SUPPLIED MATERIAL section start
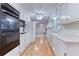 Long kitchen with white cabinets, hardwood floors and appliances at 176 Teresa Ln, Loganville, GA 30052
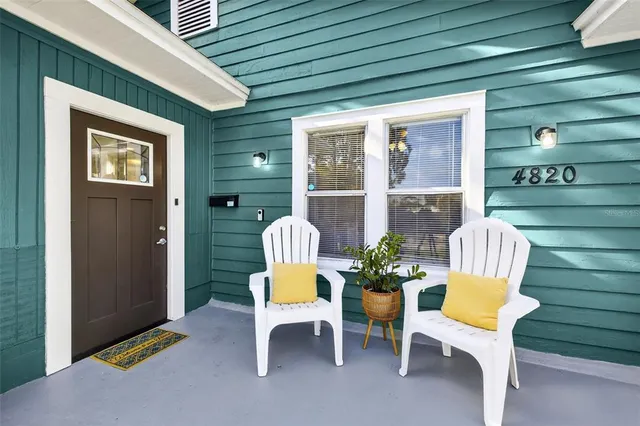 a view of a chair and table in the balcony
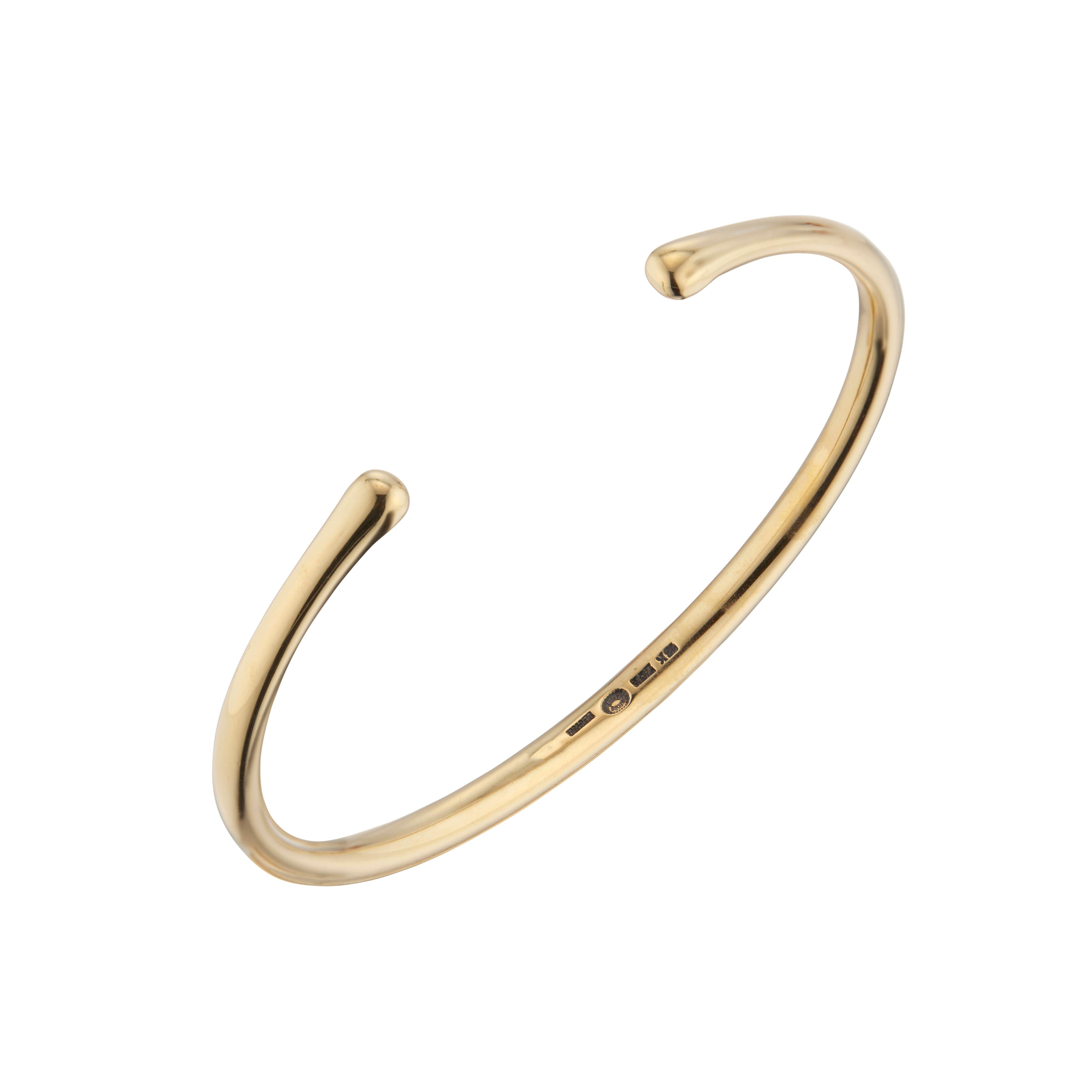 Georg Jensen 18k yellow gold cuff style bracelet that tapers from center to ends.

18k yellow gold 
Stamped: 18k 750
Hallmark: Georg Jensen
29.2 grams
Width: 4.3mm at top
Inside dimensions: 2.45 Inches x 2.1 Inches
Thickness/depth: 4.1mm
Shape: Oval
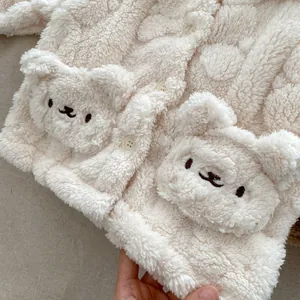 Détail du cardigan bébé en polaire crème avec poches ours mignon et texture douce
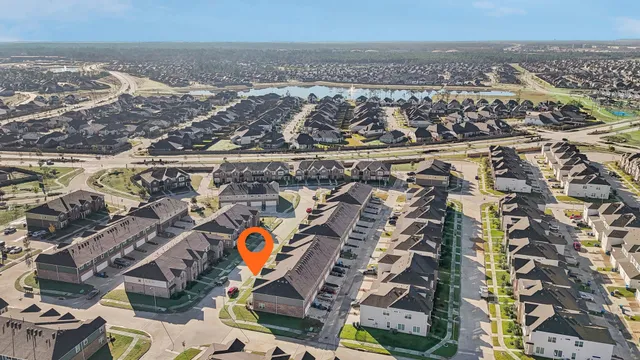 an aerial view of residential building and parking space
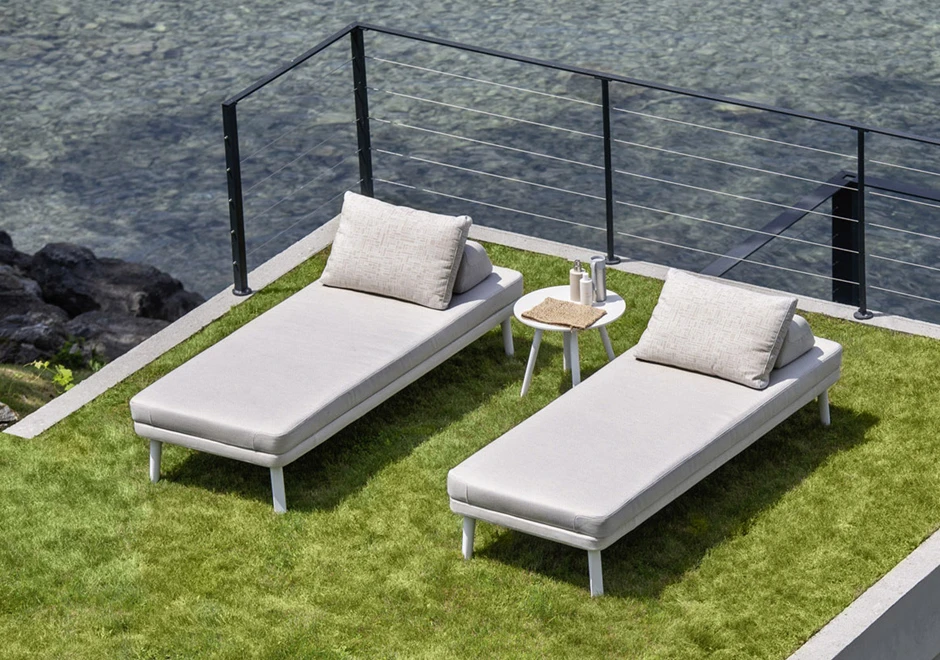 Duas chaise longue com estrutura de alumínio com pintura eletrostática, pés em alumínio pintado ou madeira Iroko natural, tecido na cor bege, visto de cima em uma area externa.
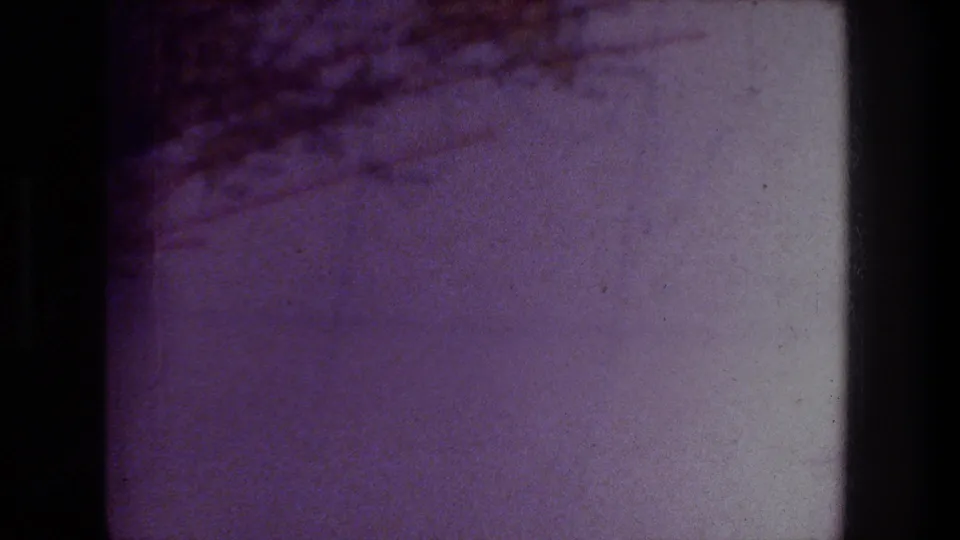 1976 Zurich home-movie frame showing a close view of a printed map page with pale areas, brown shading, and soft 8mm color shift.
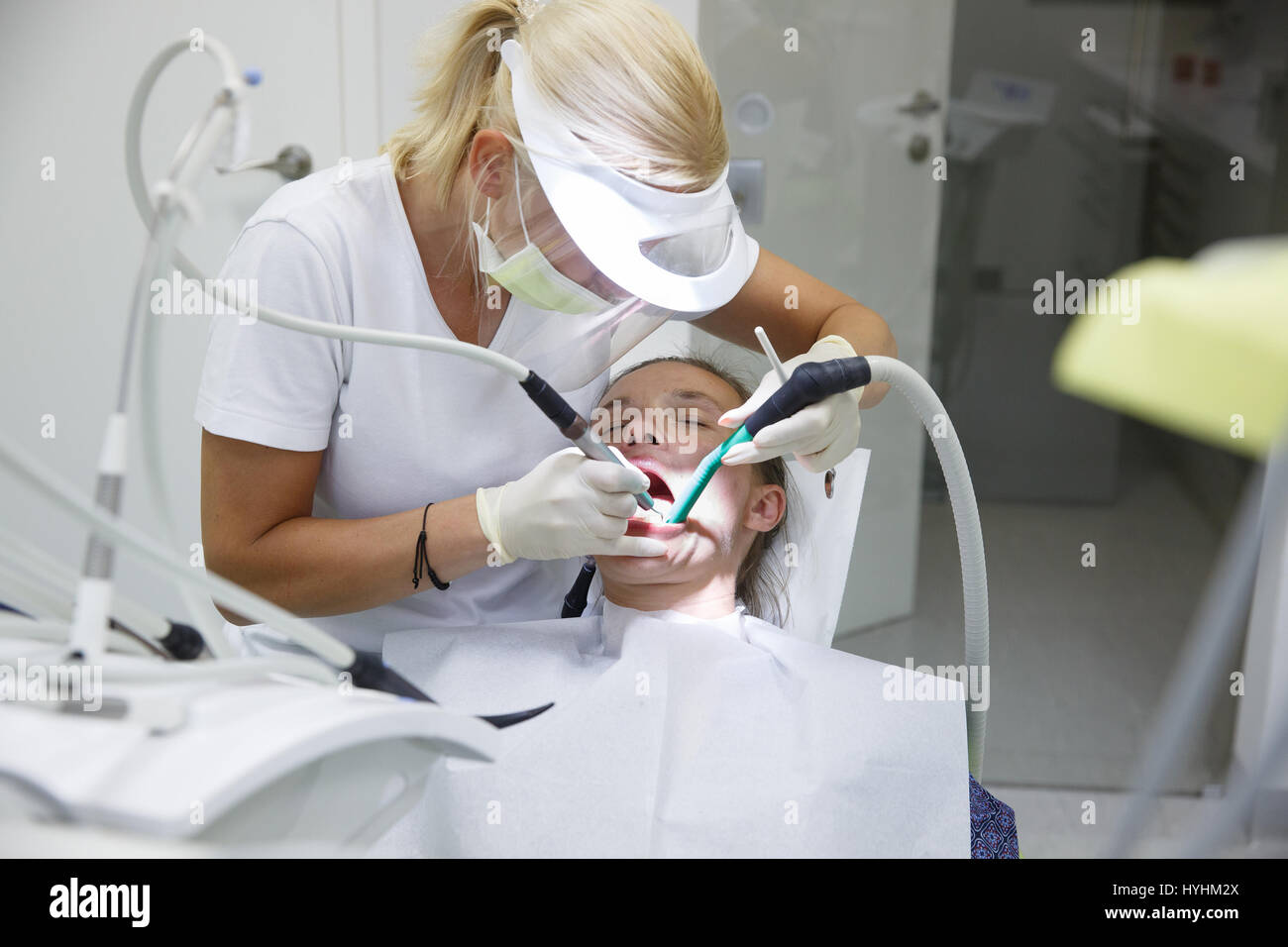 Donna in studio dentistico, dentista esaminando e pulizia i suoi denti del tartaro e della placca, prevenire la malattia periodontale. Igiene dentale, dolorose procedu Foto Stock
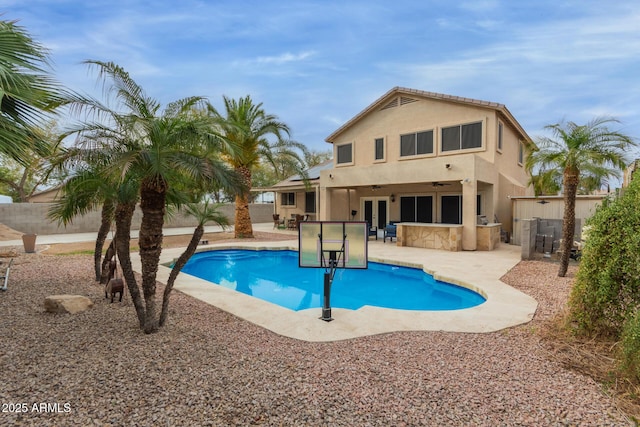 view of swimming pool with a patio area, a fenced backyard, outdoor dry bar, and french doors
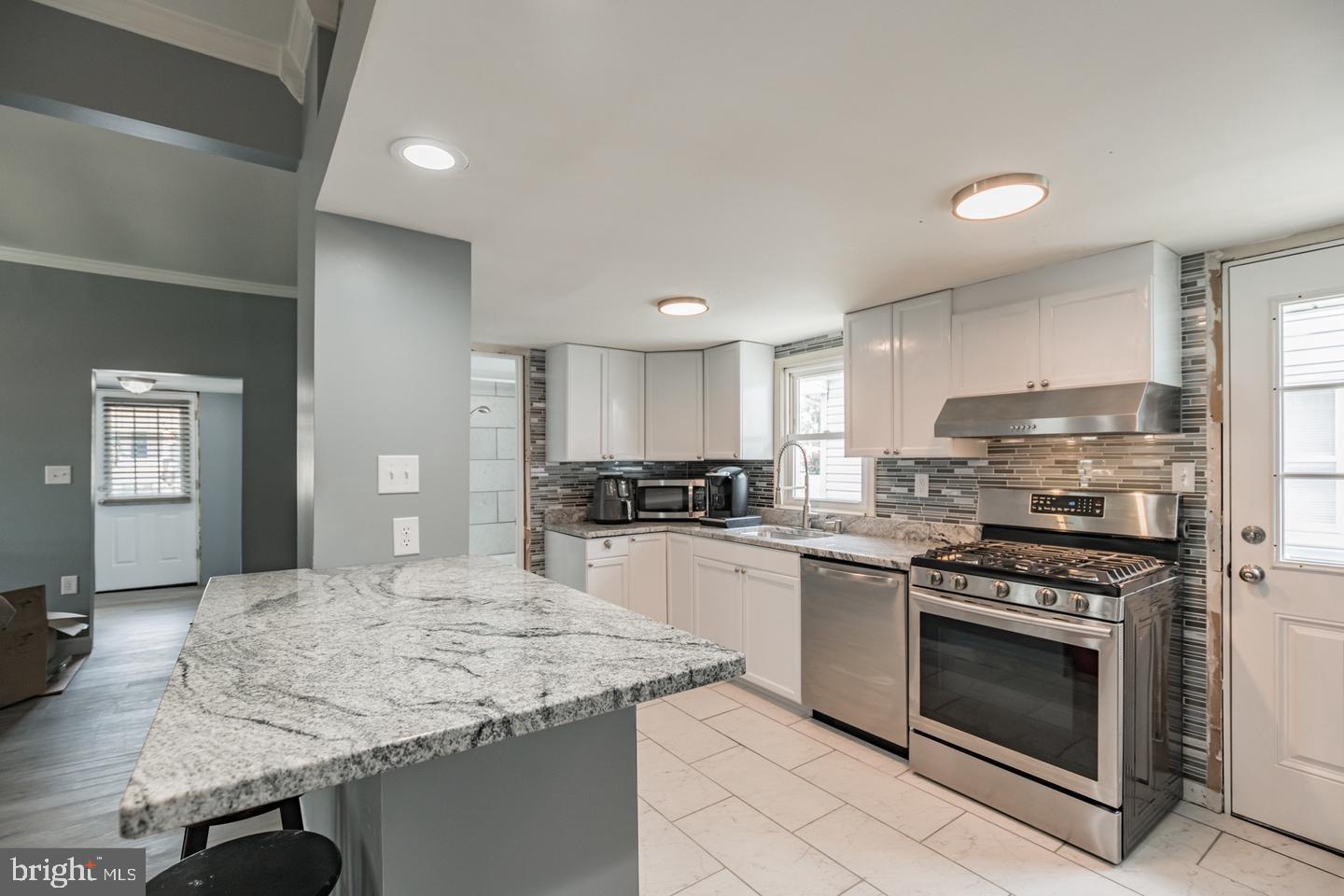 4101 9th Street North Beach, MD 20714 - Photo 6 of 19 a kitchen with kitchen island a stove sink and cabinets
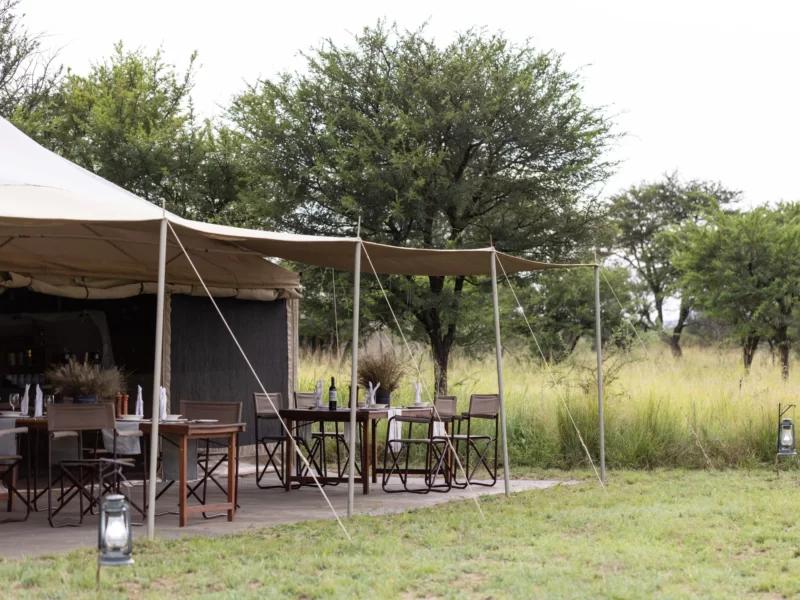 Tented lodge with dining tables and chairs under awning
SUPPLIED MATERIAL section end
- _REQUIRED WORK_
An exact copy of all entries is needed, with no pictures in it.

- _EXERCISE ANSWER_
 Long kitchen with white cabinets, hardwood floors and appliances at 176 Teresa Ln, Loganville, GA 30052
 a view of a chair and table in the balcony
 Georg Jensen 18k yellow gold cuff style bracelet that tapers from center to ends.

18k yellow gold 
Stamped: 18k 750
Hallmark: Georg Jensen
29.2 grams
Width: 4.3mm at top
Inside dimensions: 2.45 Inches x 2.1 Inches
Thickness/depth: 4.1mm
Shape: Oval
 Détail du cardigan bébé en polaire crème avec poches ours mignon et texture douce
 an aerial view of residential building and parking space
 Duas chaise longue com estrutura de alumínio com pintura eletrostática, pés em alumínio pintado ou madeira Iroko natural, tecido na cor bege, visto de cima em uma area externa.
 1976 Zurich home-movie frame showing a close view of a printed map page with pale areas, brown shading, and soft 8mm color shift.
 Donna in studio dentistico, dentista esaminando e pulizia i suoi denti del tartaro e della placca, prevenire la malattia periodontale. Igiene dentale, dolorose procedu Foto Stock
 view of swimming pool with a patio area, a fenced backyard, outdoor dry bar, and french doors
 4101 9th Street North Beach, MD 20714 - Photo 6 of 19 a kitchen with kitchen island a stove sink and cabinets
 Tented lodge with dining tables and chairs under awning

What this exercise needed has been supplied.